Invest in renewables

Given that the power crisis is expected to get worse, local businesses should start allocating resources towards the use of renewable energy.

It follows a warning from Gloria Magombo, secretary for energy and power development, that ZESA will have to implement a painful load-shedding programme in the coming months due to severe power shortages.

After releasing the National Renewable Energy Policy (NREP) and the Biofuels Policy of Zimbabwe (BPZ), two documents that are anticipated to direct investment and production of clean energy alternatives in the nation, the government has since cleared the way.

These are thought to be crucial for Zimbabwe’s economic growth, as the country currently has a limited supply of grid electricity. Subsequently, the policy document was submitted to Cabinet and aims to grant national project status to all renewable power projects in order to facilitate their exemption from excise and customs laws. Companies would then be able to import specific renewable energy systems used in power plants at prices that are competitive.

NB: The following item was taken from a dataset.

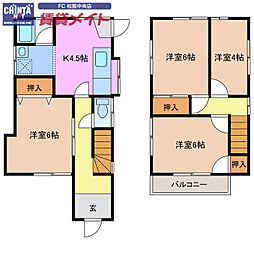 久保町502-247貸家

The policy document also seeks to ease the regulation of power production to allow for independent power producers to participate in small hydro power plants, biogas and solar, who will sell electricity to ZESA.

Zimbabwe requires about 1 800MW a day but produces less than 1 000MW. To cover for the short fall, Zimbabwe’s power utility, ZESA imports from regional power utilities, especially Eskom of South Africa and Hydro Cahora Bassa of Mozambique. According to the energy document, the policy is in line with guidelines set by the United Nations Convention on Climate Change (UFCCC) and seeks to respond to the demand-supply ratio, grid absorption capacity and the ability of utilities to pay for renewable electricity.

Currently, Zimbabwe has a national electricity rate of 42%, according to official data obtained from the Ministry of Energy and Power Development. While electricity has reached 83% of the urban households, rural electrification is still around 13%. More than 50% of electricity in Zimbabwe is generated from hydropower at Kariba South Power Station while the remainder is from thermal power plant at Hwange, Bulawayo, Munyati and Harare stations. The limited generation capacity is attributed to water availability issues at Kariba Dam, old equipment which needs rehabilitation and limited coal supplies. The policy aims to promote investment in the renewable energy sector by providing specific incentives. It recommends providing National Project Status to all the renewable energy projects.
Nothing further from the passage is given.